Vermietung an Hilfebedürftige wird dem Zweckbetrieb zugeordnet

Die Neuregelung in § 52 Abs. 2 S. 1 Nr. 27 AO stellt klar, dass die vergünstigte Vermietung an hilfebedürftige Personen – entsprechende Satzungszwecke vorausgesetzt – eine Zweckverwirklichung darstellt. Damit fällt sie in den Zweckbetrieb. Potenziell entstehende Verluste können damit aus allen anderen Einnahmen ausgeglichen werden.

Praxistipp | Wird dauerhaft unter Selbstkosten vermietet, stellt sich aber die Frage, ob das eine unentgeltliche Zuwendung an die Mieter darstellt. Zumindest wenn die Mieter Mitglieder oder Mitarbeiter des Vereins sind, wird das von Bedeutung sein. Hier wird die Finanzverwaltung sicher noch Einschränkungen vornehmen.

Vermietung an nicht Hilfsbedürftige fällt in die Vermögensverwaltung

Die Vermietung an nicht hilfsbedürftige Personen fällt in die nicht begünstigte, aber steuerfreie Vermögensverwaltung. Sie ist nicht schädlich für die Gemeinnützigkeit, solange sie nicht zur Haupttätigkeit der gemeinnützigen Einrichtung wird.

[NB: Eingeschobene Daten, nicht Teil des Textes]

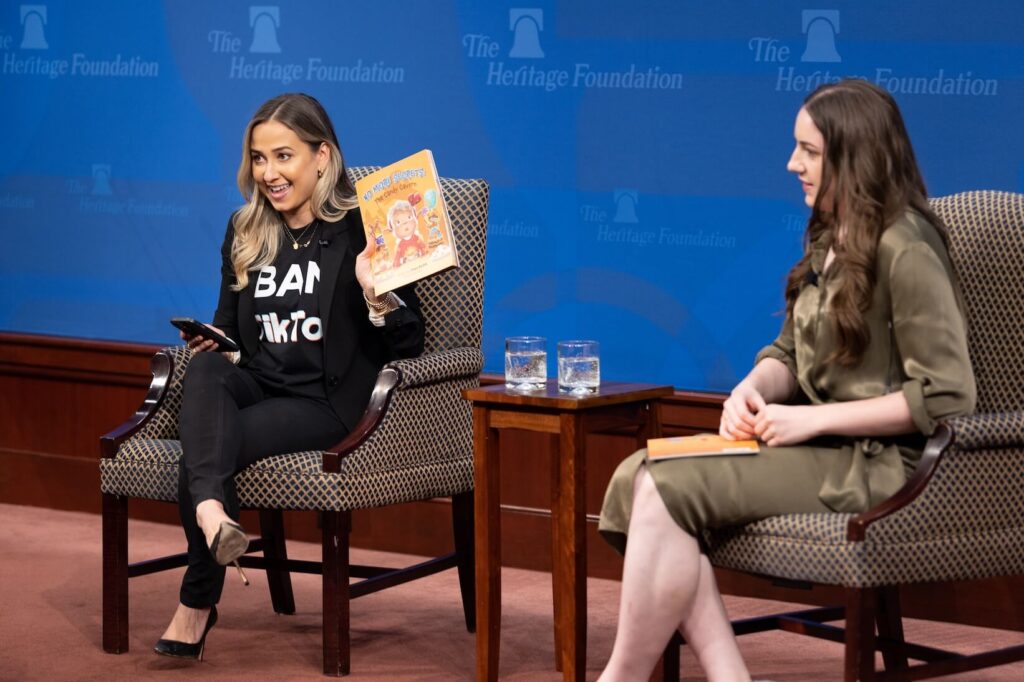 The Heritage Foundation's Kara Frederick, Director of Tech Policy, at an event wearing a "Ban TikTok" shirt and holding a book on stage, seated next to another woman speaker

Praxistipp | Es ist sind also Investitionen in Wohnimmobilien möglich, die nur teilweise an hilfsbedürftige Mieter vermietet werden. Der an nicht begünstigte Personen vermietete Wohnraum darf aber nicht aus zeitnah zu verwendenden Mitteln finanziert werden.

Was der Verzicht auf eine Mietobergrenze bedeutet

Geregelt wird in § 52 Abs. 2 S. 1 Nr. 27 AO nur eine Einkommensobergrenze für Mieter, keine Obergrenze für die Höhe der Miete. Laut Gesetzesbegründung muss die Miete aber unter dem Marktüblichen liegen, da andernfalls keine Unterstützungsleistung der Körperschaft vorläge. Das müsse nur zu Beginn des Mietverhältnisses und bei Mieterhöhungen geprüft werden.

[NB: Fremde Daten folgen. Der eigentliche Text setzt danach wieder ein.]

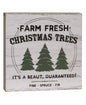 A vintage style Christmas tree sign with 'Farm Fresh Christmas' text and three evergreen trees on a white distressed barn wood look background.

Gewinnerzielungsverbot greift bei Wohngemeinnützigkeit nicht

Laut Gesetzesbegründung reicht es auch aus, wenn die jeweilige Wohnung zu einem Mietzins vermietet wird, der nur die tatsächlichen Aufwendungen einschließlich der regulären Absetzung für Abnutzung deckt und keinen Gewinnaufschlag enthält. Das ist aber weder aus der neuen Regelung des § 52 Abs. 2 S. 1 Nr. 27 noch aus anderen Vorschriften des Gemeinnützigkeitsrechts abzuleiten. Der BFH hat jedenfalls ausdrücklich klargestellt, dass das spezielle Gewinnerzielungsverbot für Wohlfahrtspflegebetriebe nicht auf andere Zweckbetriebe übertragen werden kann (BFH, Urteil vom 18.08.2022, Az. V R 49/19, Abruf-Nr. 233430).

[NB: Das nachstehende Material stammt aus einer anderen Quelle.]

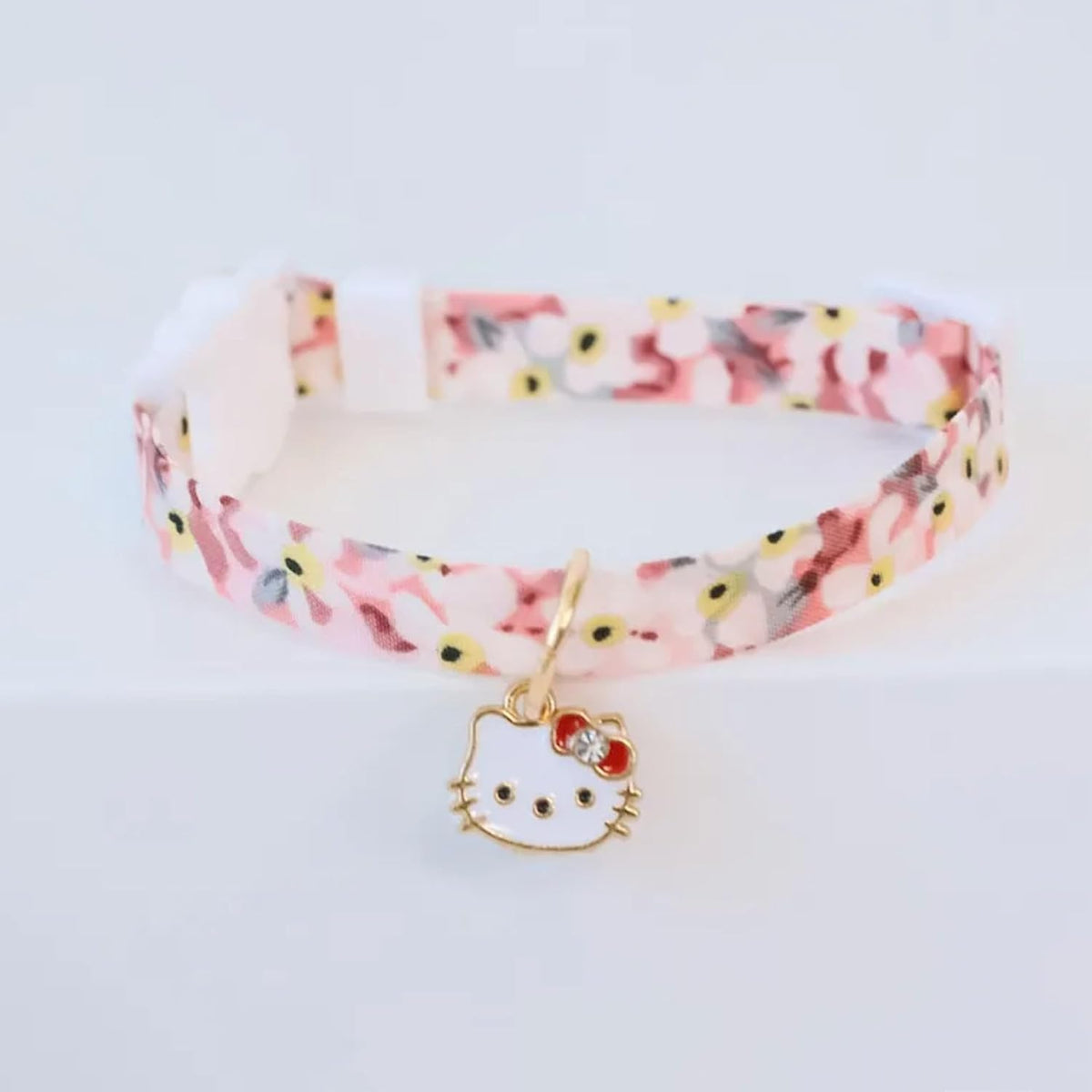 Two adjustable cat collars with safety breakaway buckles and bell attachments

Wohnungsgemeinnützigkeit als steuerliche Gestaltungsoption

Für gemeinnützige Einrichtungen, die bereits Wohnungen vermieten oder planen, gibt es einen relevanten „Mitnahmeeffekt“: Weil die Vermietung dem Zweckbetrieb zugeordnet werden kann, kann die Schaffung und der Ausbau von Wohnraum künftig aus zeitnah zu verwendenden Mittel finanziert werden. Einzige Voraussetzung ist, dass die Wohnungsgemeinnützigkeit als weiterer Zweck in die Satzung aufgenommen wird. Das kann z. B. auch für Mitarbeiterwohnungen interessant sein.